It will help narrow down the problem, if you try to do some other protocol 41 traffic. Either try a tunnel through another tunnel server (possibly a different provider), or try to setup 6to4, to verify if the problem affects those as well.
Hello
I'm having the same issue. My tunnel was allowing me to get to v6 sites yesterday with no issues. However this morning my router rebooted (openwrt). Power loss.
Now my tunnel will pin up, but can't pass v6 traffic. I see my traffic leave and head to HE, but I get nothing back.
This appears to be a HE issue. As I can see my packets leave, but I don't get anything back. But I had a friend sned me Proto41 packets to my wan address and they were accepted.
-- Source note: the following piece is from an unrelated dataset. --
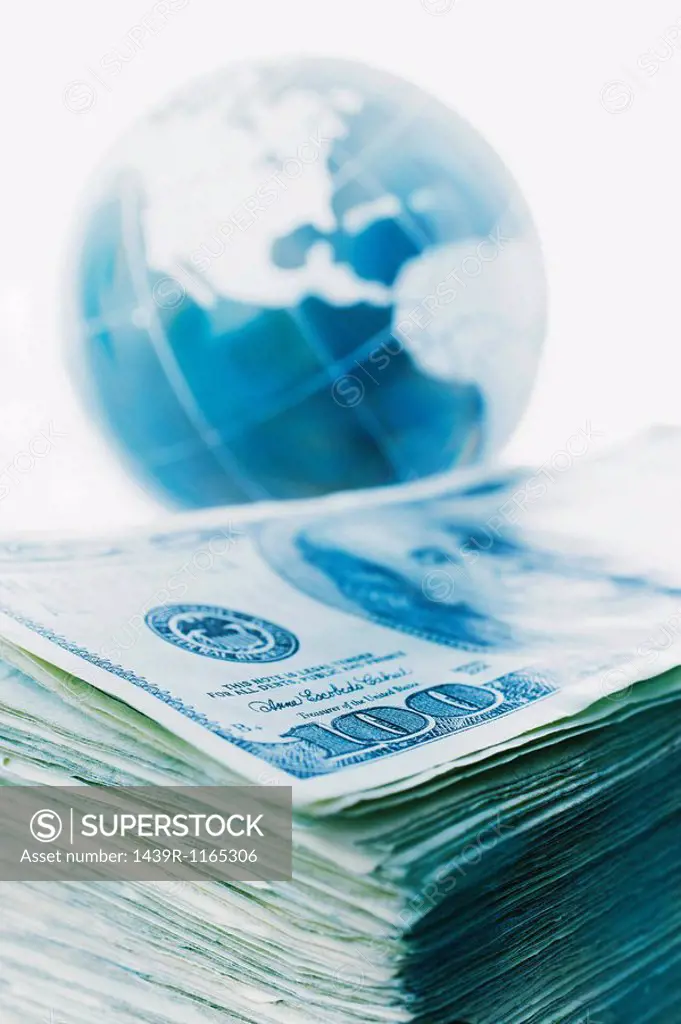 Stack of banknotes and globe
6in4 interface showing packets coming in from my desktop and going to www.google.com
root@geonosis /root# tcpdump -vvi 6in4-HE6in4 -n host 2001:470:d:d6a:b498:f5d1:af69:f9c4
tcpdump: WARNING: 6in4-HE6in4: no IPv4 address assigned
tcpdump: listening on 6in4-HE6in4, link-type RAW (Raw IP), capture size 65535 bytes
13:40:13.996690 IP6 (hlim 127, next-header ICMPv6 (58) payload length: 40) 2001:470:d:d6a:b498:f5d1:af69:f9c4 > 2001:4860:4007:801::1014: [icmp6 sum ok] ICMP6, echo request, seq 45
13:40:18.603856 IP6 (hlim 127, next-header ICMPv6 (58) payload length: 40) 2001:470:d:d6a:b498:f5d1:af69:f9c4 > 2001:4860:4007:801::1014: [icmp6 sum ok] ICMP6, echo request, seq 46
13:40:23.604202 IP6 (hlim 127, next-header ICMPv6 (58) payload length: 40) 2001:470:d:d6a:b498:f5d1:af69:f9c4 > 2001:4860:4007:801::1014: [icmp6 sum ok] ICMP6, echo request, seq 47
13:40:28.603641 IP6 (hlim 127, next-header ICMPv6 (58) payload length: 40) 2001:470:d:d6a:b498:f5d1:af69:f9c4 > 2001:4860:4007:801::1014: [icmp6 sum ok] ICMP6, echo request, seq 48
^C
4 packets captured
4 packets received by filter
0 packets dropped by kernel
showing that i'm sending those packets to the LAX tserv15 .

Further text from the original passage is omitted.